Well-established rules that are a bedrock of the American legal system protect the confidentiality of communications between lawyers and clients, a concept known as attorney-client privilege. The rules also protect from disclosure a lawyer’s written impressions, conclusions, opinions and research, known as work-product privilege.
The trend of auditors looking further behind the corporate curtain is a major shift from the “don’t ask, don’t tell” mentality of the years before Enron, when they typically signed off on financial statements without asking to see confidential documents…
Lawyers typically say that such legal opinions are confidential. Legal rules dictate that if confidential documents are shown to any outside party, including to auditors, they are no longer confidential and are thus fair game in proceedings like lawsuits.
This is just another good reason why your external auditor should not be involved in any special investigations as an investigator rather than a monitor or an entity that gets a copy of the final report. In addition to the fact that then they know everything in detail from the beginning, they may have also been part of the original problematic behavior or condoned it.
There are so many other reasons that the standard audit report and internal control report prepared by a public accounting firm is now essentially worthless. If auditors are also now considered outside the circle of privilege, then what they are told, if anything, about confidential company activities will be worth even less.
If auditors are “inside the circle of privilege” they will become advocates and their work willl still be worthless.

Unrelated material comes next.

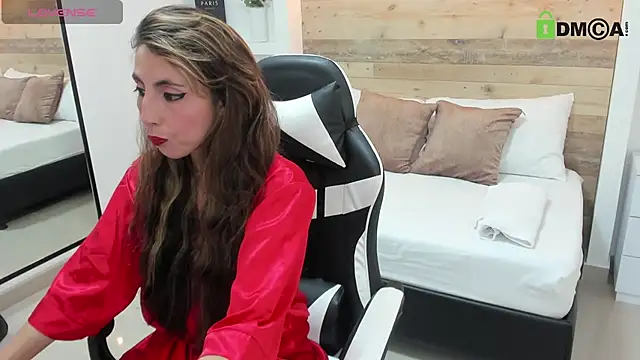 Snapshot of candy_summer28 chatting on 8, 11, 2025 candy summer28 online show from 8, 11, 2025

Francine – for once I agree with you. The issue of auditor scope limitation created by efforts to preserve privilege is counter to good public policy.
Some favor the development of a “common interest” doctrine. Under this concept, auditors and their clients would not be adversaries, but would share a common interest in accurate financial reporting. According to this theory, a party does not waive its attorney-client privilege when it shares information with another person who also has a common interest in the information. The most frequent use of this practice is by codefendants who share information in a case.
A New York federal court in 2005recognized the common interest doctrine in a case involving a breach of contract dispute between Merrill Lynch & Co. and Allegheny Energy Inc. Merrill Lynch gave its auditor copies of two reports on internal investigations that were conducted by its in-house and outside counsel — on the condition that the records be kept confidential. Allegheny subpoenaed the reports, claiming that any privilege was waived when Merrill Lynch gave the reports to the auditor. In July 2005 Manhattan federal district court judge Harold Baer Jr., said that while courts “are split in their treatment of disclosures to a corporation’s accountants or auditors,” he upheld the privilege, reasoning that there was no “adversarial” relationship between the company and its auditor.
However in another case, a company called Medinol sued Boston Scientific in 2001, accusing it of theft of intellectual property.
Medinol wanted to see the minutes of a meeting at Boston Scientific regarding an internal investigation of the company’s exposure to costly litigation. Boston Scientific had already disclosed the minutes to its auditor, Ernst & Young, which used them when preparing the company’s financial return.
The judge, Alvin K. Hellerstein, ruled in 2002 that because Boston Scientific had already turned over the documents to its auditors, it had waived the privilege governing their confidentiality. “In order for auditors to properly do their job, they must not share common interests with the company they audit,” Judge Hellerstein wrote.